Dira juga menyoroti nilai intelektual dari catatan-catatan tangan atau coretan pemilik sebelumnya yang sering ditemukan dalam buku bekas. Hal ini memberikan dimensi pembelajaran tambahan yang tidak ditemukan pada berkas digital.
"Kadang ada catatan orang lain di dalamnya. Itu menarik banget, kayak ikut belajar dari mahasiswa sebelumnya," tutur Dira, Alumni FIB UI.
Meskipun mengakui keunggulan kecepatan e-book, Dira tetap merindukan proses pencarian buku yang dianggapnya lebih membekas secara emosional. Ia berharap lokasi ini tetap lestari sebagai bagian dari sejarah pendidikan.
"Sekarang tinggal klik, selesai.
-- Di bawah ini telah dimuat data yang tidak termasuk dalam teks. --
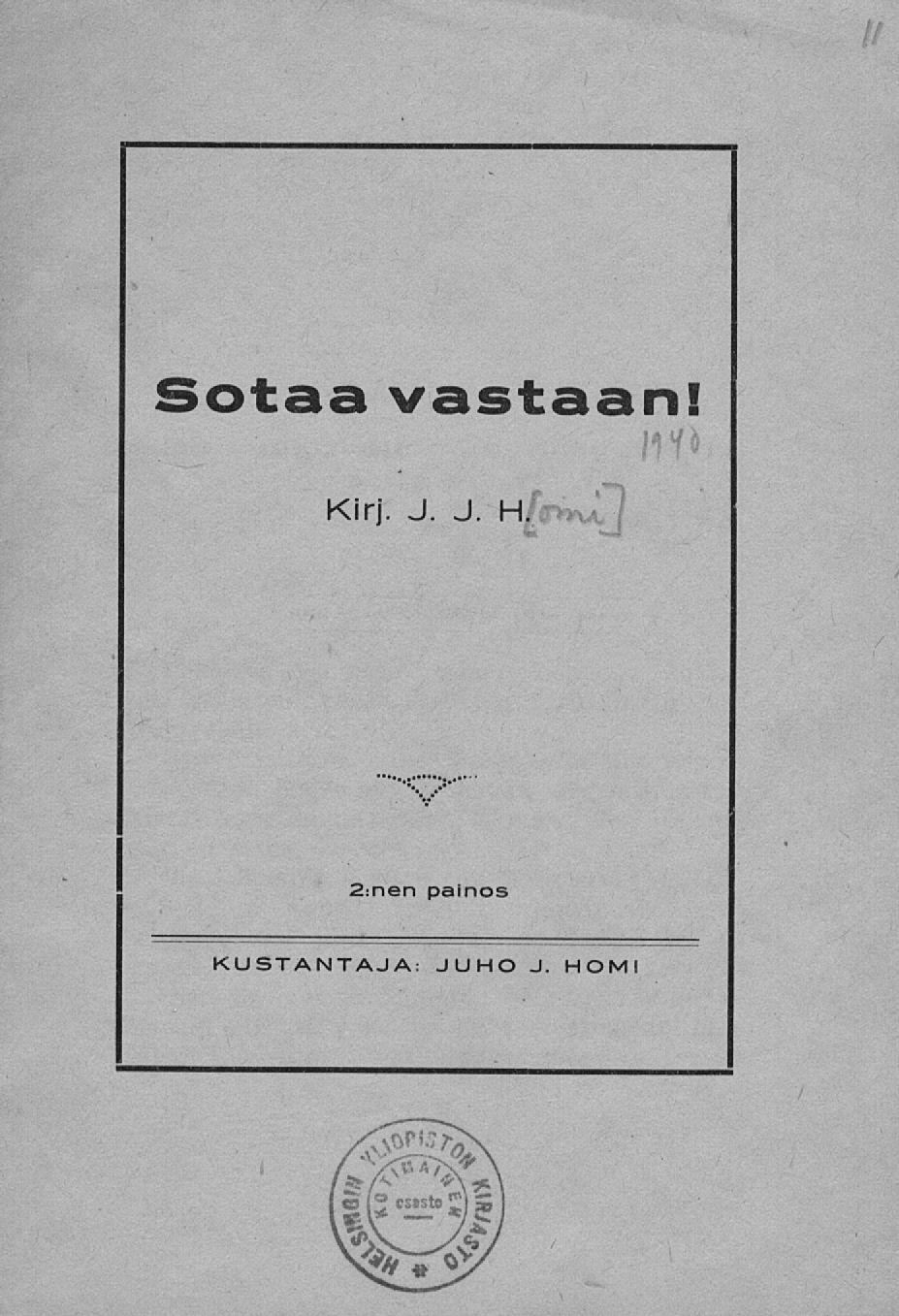 Sotaa vastaan! Kirj. J. J. H.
Tapi dulu ada proses nyarinya, dan itu yang membekas," ujar Dira, Alumni FIB UI.
Dari sisi pedagang, Didi yang merupakan generasi kedua di Blok Stasiun UI menceritakan penurunan jumlah ruko buku sejak ia mulai membantu usaha keluarga pada 1999. Saat ini hanya sedikit lapak yang mampu bertahan dari tekanan digitalisasi dan dampak pascapandemi.
"Dulu di sini ada delapan ruko. Ramai banget. Mahasiswa muter dari ujung ke ujung," ujar Didi, Pedagang Buku.
Didi menyadari bahwa perubahan kebiasaan mahasiswa yang beralih ke format PDF menjadi tantangan terbesar bagi usahanya. Kewajiban memiliki buku fisik bagi mahasiswa kini tidak sekuat dulu.
"Dulu mahasiswa wajib punya buku. Sekarang cari PDF saja," ujar Didi, Pedagang Buku.
Sementara itu, Pradipta, mahasiswa Ilmu Komunikasi UI, masih memilih lapak fisik karena menawarkan sensasi pencarian yang unik. Harga yang jauh lebih terjangkau dibandingkan buku baru menjadi pertimbangan utama bagi mahasiswa saat ini.
"Kalau PDF tinggal download, selesai. Tapi di sini serunya nyari satu-satu," kata Pradipta, Mahasiswa UI.
Faktor ekonomi juga ditekankan oleh mahasiswa lainnya untuk menekan biaya perkuliahan yang tinggi. Pradipta menyebutkan selisih harga antara buku baru dan buku bekas di lapak tersebut sangat signifikan bagi kantong mahasiswa.
"Buku baru bisa 200 ribu lebih. Di sini bisa 50 atau 70 ribu," ujarnya.
Husna dari FIB UI mengaku sering menemukan buku edisi lama yang sudah tidak diterbitkan lagi di toko buku modern. Hal serupa ditegaskan oleh Farhan, mahasiswa PNJ, yang mencari referensi teknik di lapak ini untuk melengkapi materi dari modul kampus.
"Kadang di toko sudah tidak ada, tapi di sini masih ada," kata Husna, Mahasiswa UI.
"Kalau modul kurang lengkap, saya cari di sini," ujar Farhan, Mahasiswa PNJ.
Nabila, mahasiswa akuntansi PNJ, menutup dengan penegasan bahwa buku bekas tetap menjadi solusi praktis di tengah tingginya harga buku teks asli. Keberadaan lapak ini sangat membantu aksesibilitas materi kuliah yang murah.
"Kalau beli baru mahal banget. Di sini lebih terjangkau," ucap Nabila, Mahasiswa PNJ.